++++ RECORDS SUPPLIED
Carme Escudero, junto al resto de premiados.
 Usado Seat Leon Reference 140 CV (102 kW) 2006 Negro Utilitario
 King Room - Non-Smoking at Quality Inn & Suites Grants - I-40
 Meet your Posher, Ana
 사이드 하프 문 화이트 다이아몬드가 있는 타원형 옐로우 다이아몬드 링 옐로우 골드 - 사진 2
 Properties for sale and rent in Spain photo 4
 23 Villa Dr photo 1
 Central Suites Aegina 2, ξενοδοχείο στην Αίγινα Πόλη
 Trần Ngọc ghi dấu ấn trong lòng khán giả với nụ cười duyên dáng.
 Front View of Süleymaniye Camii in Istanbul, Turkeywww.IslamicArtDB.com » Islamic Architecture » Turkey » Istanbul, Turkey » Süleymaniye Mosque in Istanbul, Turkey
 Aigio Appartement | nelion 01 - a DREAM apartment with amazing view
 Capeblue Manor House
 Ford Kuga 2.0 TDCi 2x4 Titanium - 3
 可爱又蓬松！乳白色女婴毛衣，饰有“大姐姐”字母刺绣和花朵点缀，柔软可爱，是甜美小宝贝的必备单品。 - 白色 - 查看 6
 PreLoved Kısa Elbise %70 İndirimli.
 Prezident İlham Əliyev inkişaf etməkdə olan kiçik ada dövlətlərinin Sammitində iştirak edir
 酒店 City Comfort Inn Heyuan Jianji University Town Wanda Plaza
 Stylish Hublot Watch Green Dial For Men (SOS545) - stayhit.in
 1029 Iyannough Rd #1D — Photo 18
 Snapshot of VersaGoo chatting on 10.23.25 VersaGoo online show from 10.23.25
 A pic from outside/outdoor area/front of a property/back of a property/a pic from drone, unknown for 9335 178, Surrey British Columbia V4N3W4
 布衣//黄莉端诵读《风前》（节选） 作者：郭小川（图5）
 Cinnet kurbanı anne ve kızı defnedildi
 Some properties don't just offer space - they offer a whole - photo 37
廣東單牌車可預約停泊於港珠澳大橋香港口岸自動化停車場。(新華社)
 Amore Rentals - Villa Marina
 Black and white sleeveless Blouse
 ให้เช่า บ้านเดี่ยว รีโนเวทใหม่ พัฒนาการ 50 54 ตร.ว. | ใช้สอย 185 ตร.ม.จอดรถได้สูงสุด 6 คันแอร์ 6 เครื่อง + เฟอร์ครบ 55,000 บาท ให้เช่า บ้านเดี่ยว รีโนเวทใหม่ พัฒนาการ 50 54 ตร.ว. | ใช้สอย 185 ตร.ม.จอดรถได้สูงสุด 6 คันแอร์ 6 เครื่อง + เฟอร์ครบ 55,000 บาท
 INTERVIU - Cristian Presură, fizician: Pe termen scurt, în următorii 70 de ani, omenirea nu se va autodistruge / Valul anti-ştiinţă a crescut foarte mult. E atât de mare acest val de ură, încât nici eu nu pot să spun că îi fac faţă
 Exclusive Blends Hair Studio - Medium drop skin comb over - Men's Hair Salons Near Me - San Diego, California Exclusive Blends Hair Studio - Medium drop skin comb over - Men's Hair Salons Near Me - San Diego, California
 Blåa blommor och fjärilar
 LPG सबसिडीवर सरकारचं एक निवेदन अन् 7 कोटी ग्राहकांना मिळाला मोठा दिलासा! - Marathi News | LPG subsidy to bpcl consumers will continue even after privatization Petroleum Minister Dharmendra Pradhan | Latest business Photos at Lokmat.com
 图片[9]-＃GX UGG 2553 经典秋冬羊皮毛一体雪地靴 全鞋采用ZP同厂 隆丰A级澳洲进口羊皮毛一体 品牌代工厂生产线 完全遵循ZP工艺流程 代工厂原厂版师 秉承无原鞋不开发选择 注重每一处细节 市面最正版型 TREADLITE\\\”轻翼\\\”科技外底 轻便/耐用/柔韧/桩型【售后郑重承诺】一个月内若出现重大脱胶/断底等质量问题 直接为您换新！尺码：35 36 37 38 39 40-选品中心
++++++++
### WHAT IS BEING ASKED
From the records above, transcribe exactly the run of lines that opens with the line holding "Trần Ngọc ghi" and closes with the line holding "Front View of", both included.

### FINISHED TASK
 Trần Ngọc ghi dấu ấn trong lòng khán giả với nụ cười duyên dáng.
 Front View of Süleymaniye Camii in Istanbul, Turkeywww.IslamicArtDB.com » Islamic Architecture » Turkey » Istanbul, Turkey » Süleymaniye Mosque in Istanbul, Turkey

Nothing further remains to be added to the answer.